▶ Provided data
##########
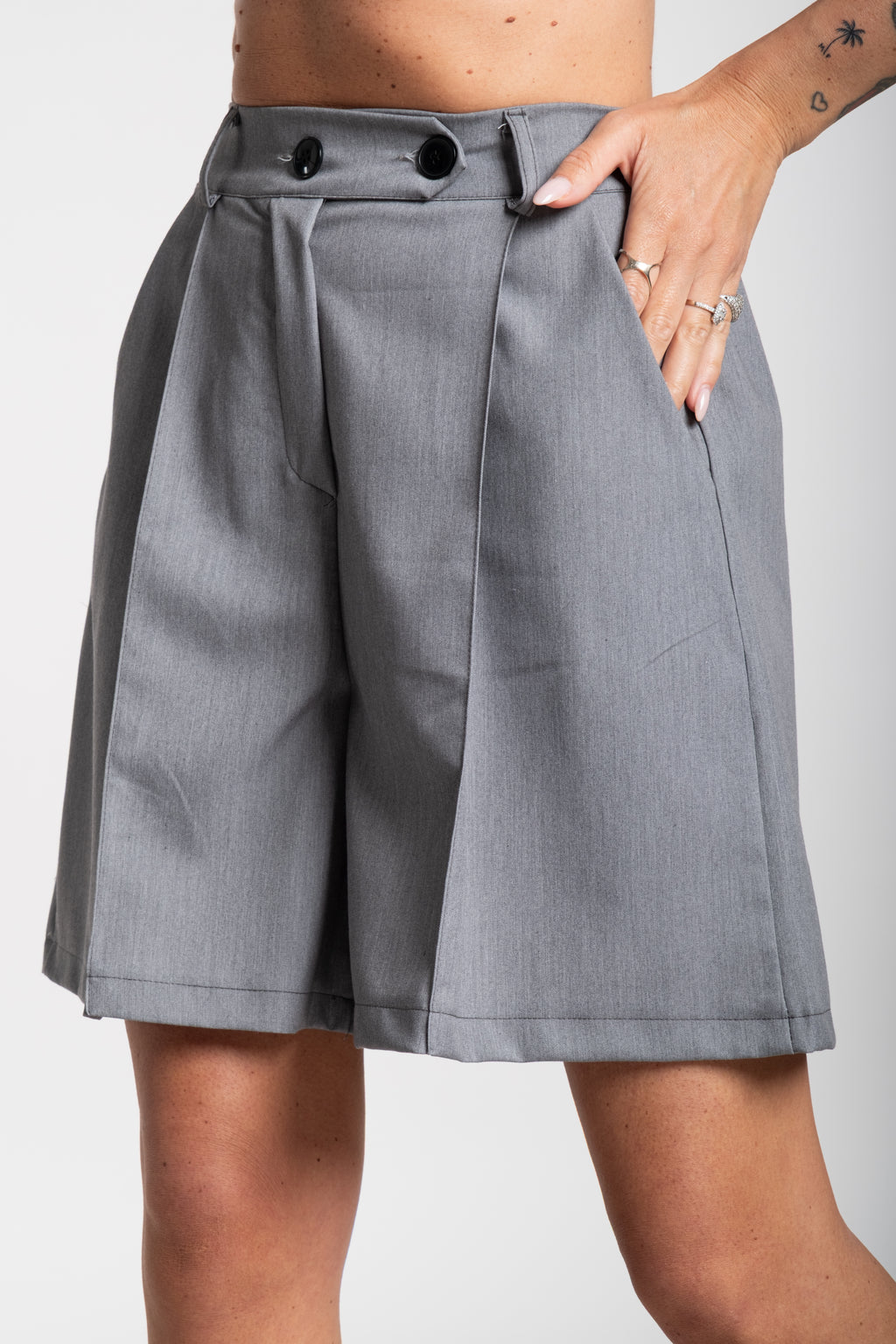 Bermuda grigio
##########
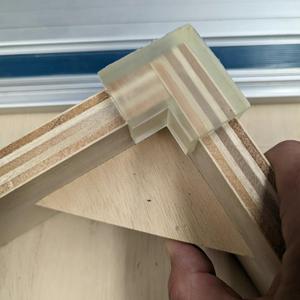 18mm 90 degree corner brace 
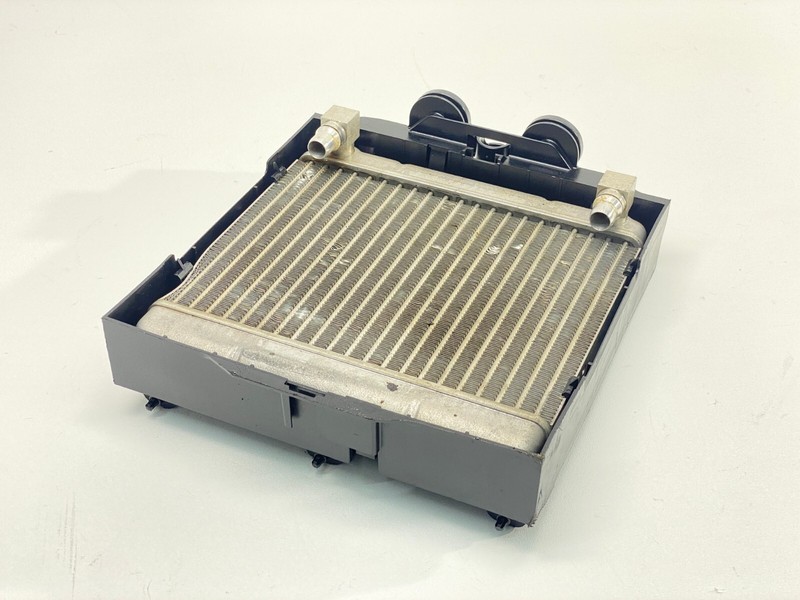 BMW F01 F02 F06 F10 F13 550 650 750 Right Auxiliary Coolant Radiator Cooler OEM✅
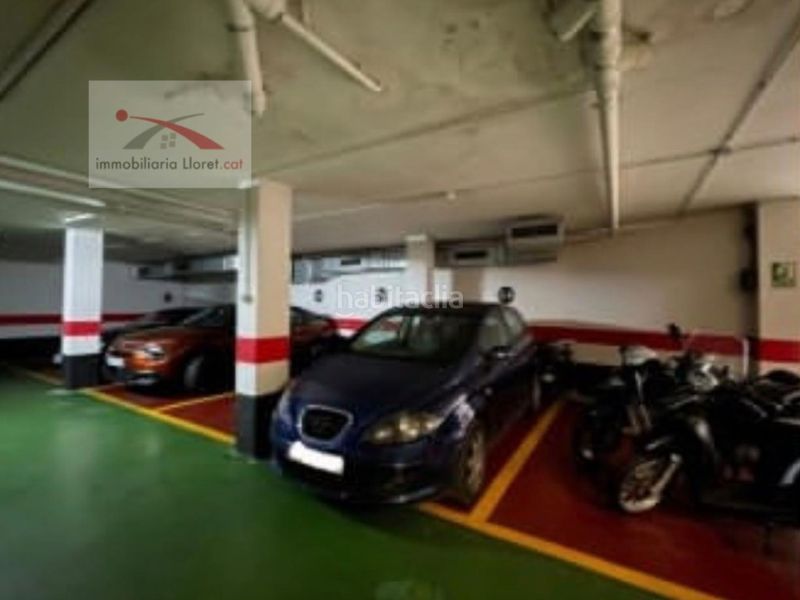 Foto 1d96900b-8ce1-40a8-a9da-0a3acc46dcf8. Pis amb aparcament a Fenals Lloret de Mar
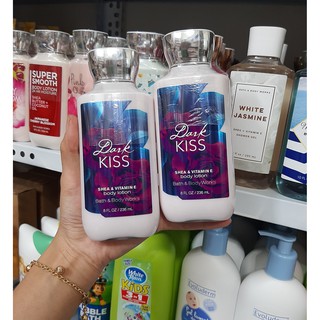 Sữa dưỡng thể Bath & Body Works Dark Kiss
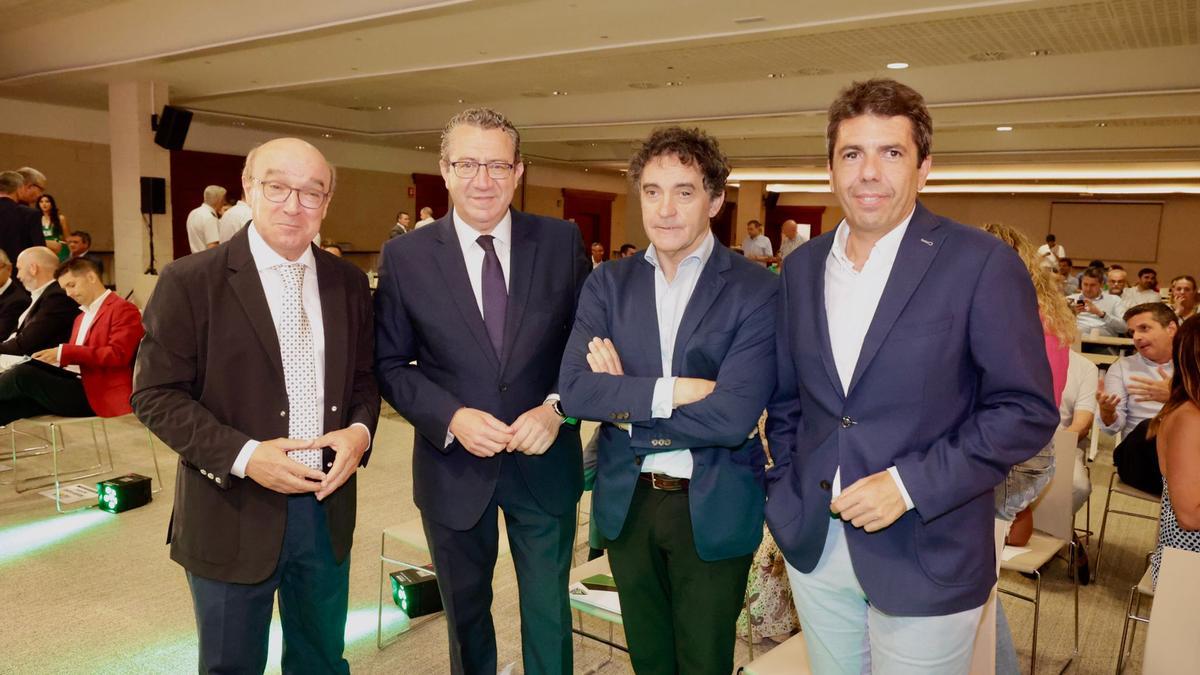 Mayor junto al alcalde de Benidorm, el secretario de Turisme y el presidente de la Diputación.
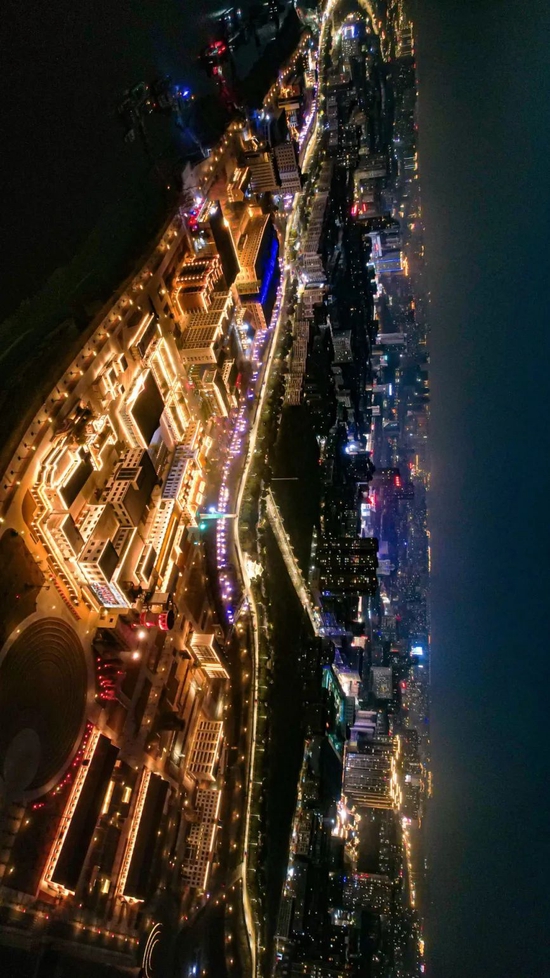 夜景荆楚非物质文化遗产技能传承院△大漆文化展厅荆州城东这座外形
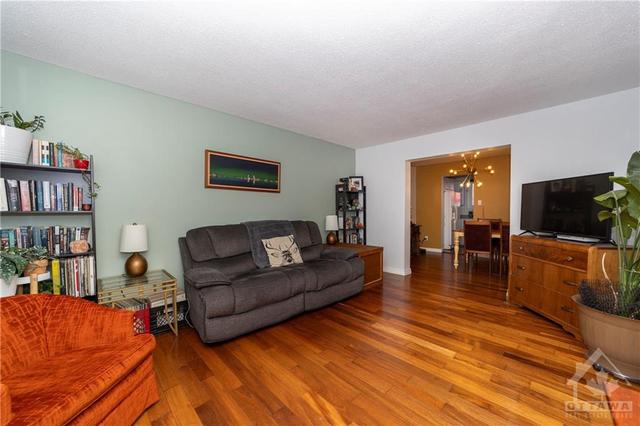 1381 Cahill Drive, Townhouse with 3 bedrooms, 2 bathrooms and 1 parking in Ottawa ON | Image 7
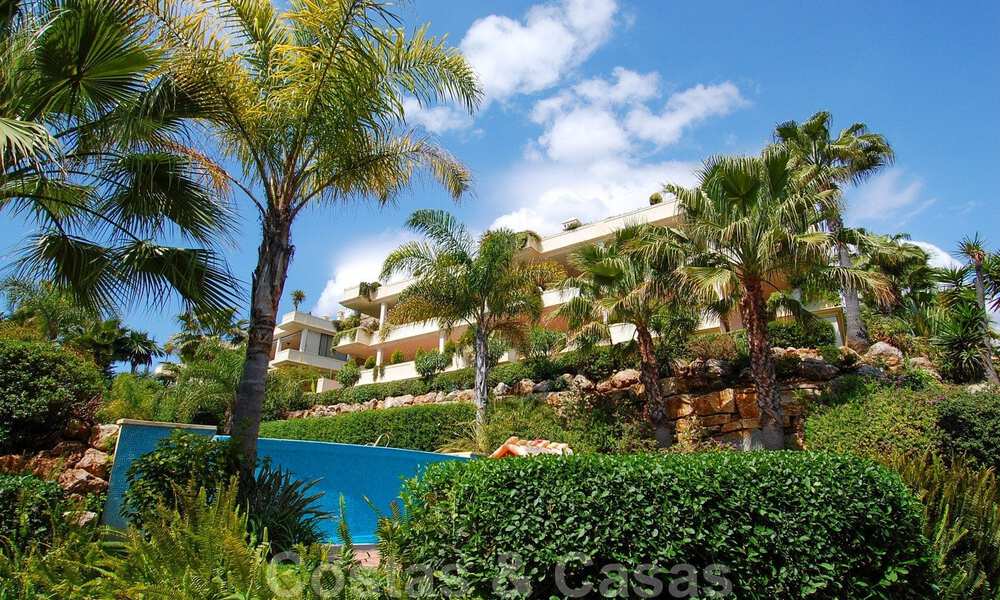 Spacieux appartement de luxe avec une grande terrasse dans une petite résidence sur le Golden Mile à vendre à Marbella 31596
##########
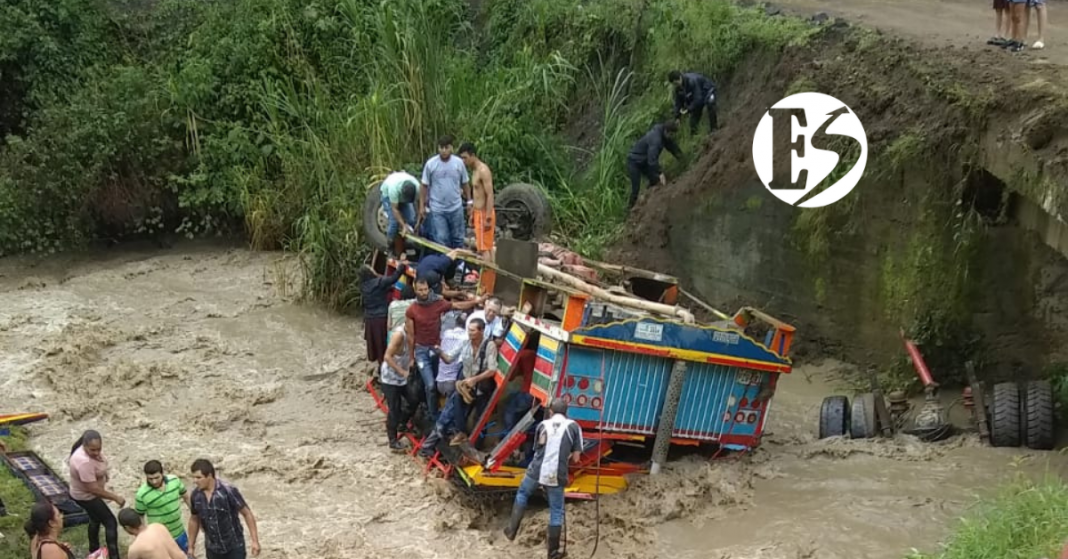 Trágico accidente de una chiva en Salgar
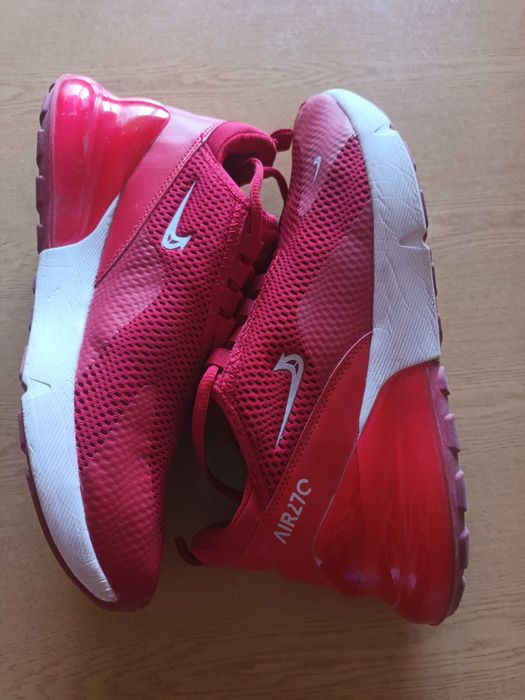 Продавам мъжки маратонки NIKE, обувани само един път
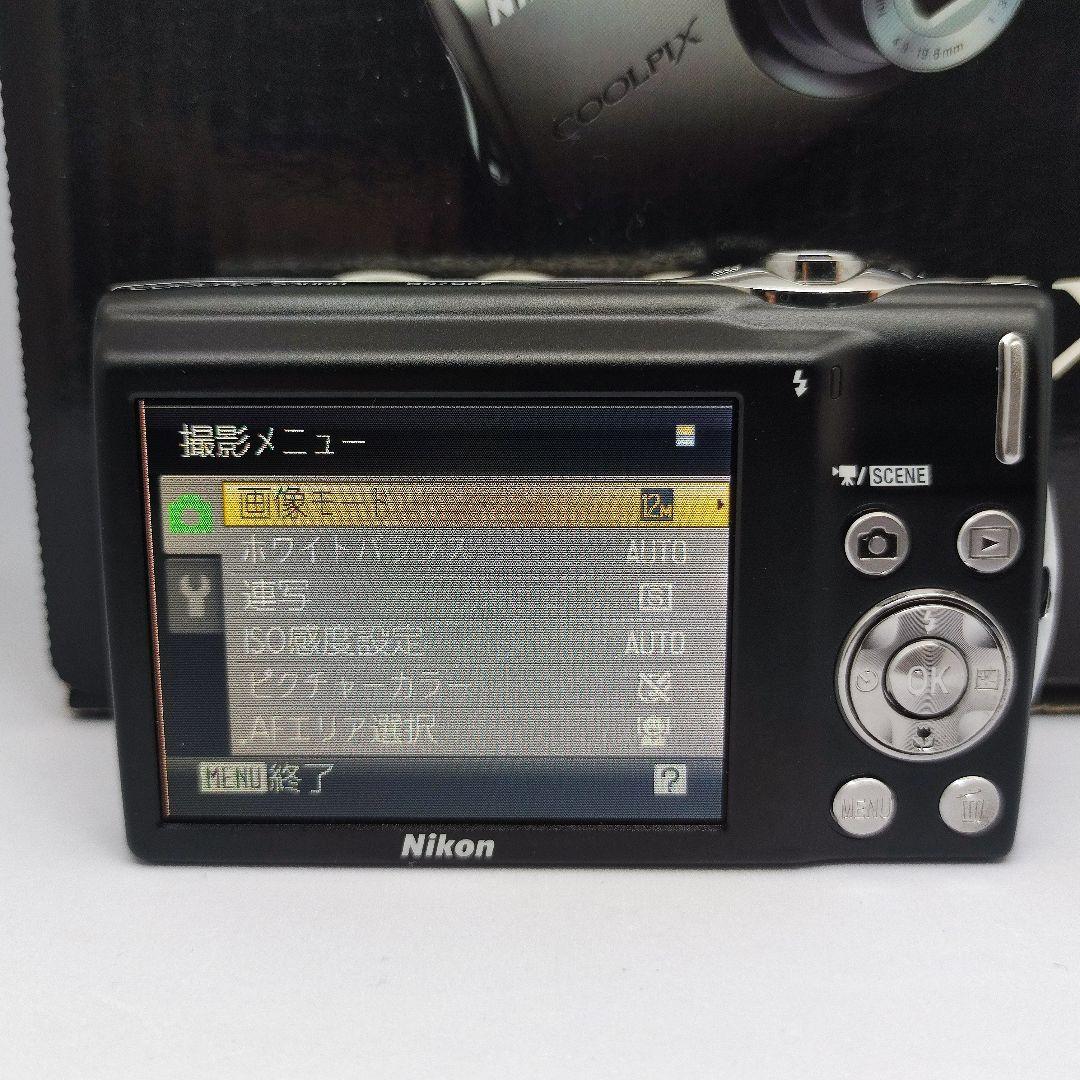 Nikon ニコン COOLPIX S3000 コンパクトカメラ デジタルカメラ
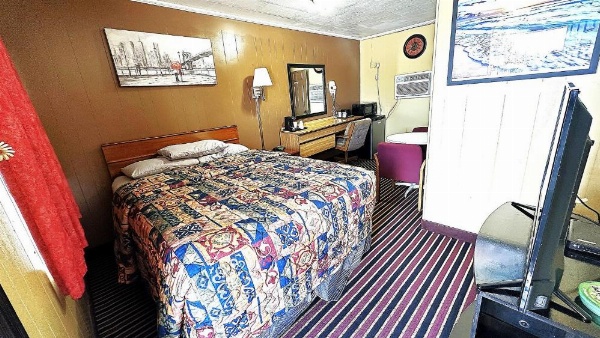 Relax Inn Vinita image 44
##########
Within the listing above, the lines from the one with "夜景荆楚非物质文化遗产技能传承院△大漆文化展厅荆州城东这座外形" through the one with "Spacieux appartement de" are to be given again word for word. Do not include pictures.

 夜景荆楚非物质文化遗产技能传承院△大漆文化展厅荆州城东这座外形
 1381 Cahill Drive, Townhouse with 3 bedrooms, 2 bathrooms and 1 parking in Ottawa ON | Image 7
 Spacieux appartement de luxe avec une grande terrasse dans une petite résidence sur le Golden Mile à vendre à Marbella 31596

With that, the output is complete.